The Civil Code governs the marriage of Zorayda and the late Sen. Tamano; their marriage was never invalidated by PD 1083. Sen. Tamano’s subsequent marriage to Estrellita is void ab initio.
The marriage between the late Sen. Tamano and Zorayda was celebrated in 1958, solemnized under civil and Muslim rites. The only law in force governing marriage relationships between Muslims and non-Muslims alike was the Civil Code of 1950, under the provisions of which only one marriage can exist at any given time. Under the marriage provisions of the Civil Code, divorce is not recognized except during the effectivity of Republic Act No. 394 which was not availed of during its effectivity.

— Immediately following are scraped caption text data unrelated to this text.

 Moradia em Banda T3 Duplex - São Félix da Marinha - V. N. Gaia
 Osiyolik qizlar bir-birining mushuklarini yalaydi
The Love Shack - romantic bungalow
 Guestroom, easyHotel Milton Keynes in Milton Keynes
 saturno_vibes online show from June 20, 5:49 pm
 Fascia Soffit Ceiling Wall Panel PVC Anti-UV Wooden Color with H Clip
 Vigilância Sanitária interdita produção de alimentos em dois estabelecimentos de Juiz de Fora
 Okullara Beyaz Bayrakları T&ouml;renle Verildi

As far as Estrellita is concerned, Sen. Tamano’s prior marriage to Zorayda has been severed by way of divorce under PD 1083, the law that codified Muslim personal laws. However, PD 1083 cannot benefit Estrellita. Firstly, Article 13(1) thereof provides that the law applies to “marriage and divorce wherein both parties are Muslims, or wherein only the male party is a Muslim and the marriage is solemnized in accordance with Muslim law or this Code in any part of the Philippines.” But we already ruled in G.R. No. 126603 that “Article 13 of PD 1083 does not provide for a situation where the parties were married both in civil and Muslim rites.”

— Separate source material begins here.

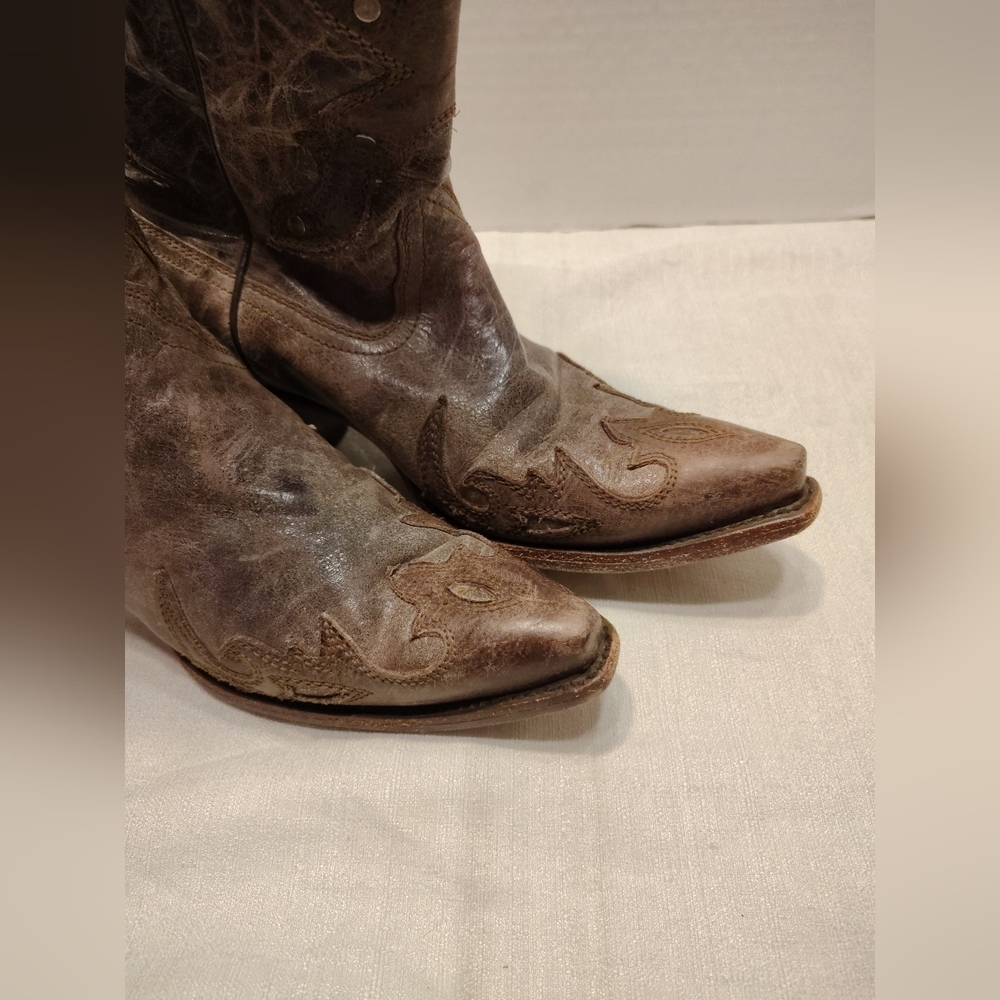 Brown Embroidered Leather Western Heeled Boots - Picture 11 of 15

Moreover, the Muslim Code took effect only on February 4, 1977, and this law cannot retroactively override the Civil Code which already bestowed certain rights on the marriage of Sen. Tamano and Zorayda. The former explicitly provided for the prospective application of its provisions unless otherwise provided:
Art. 186 (1). Effect of code on past acts. —Acts executed prior to the effectivity of this Code shall be governed by the laws in force at the time of their execution, and nothing herein except as otherwise specifically provided, shall affect their validity or legality or operate to extinguish any right acquired or liability incurred thereby.
It has been held that:
The foregoing provisions are consistent with the principle that all laws operate prospectively, unless the contrary appears or is clearly, plainly and unequivocably expressed or necessarily implied; accordingly, every case of doubt will be resolved against the retroactive operation of laws. Article 186 aforecited enunciates the general rule of the Muslim Code to have its provisions applied prospectively, and implicitly upholds the force and effect of a pre-existing body of law, specifically, the Civil Code – in respect of civil acts that took place before the Muslim Code’s enactment.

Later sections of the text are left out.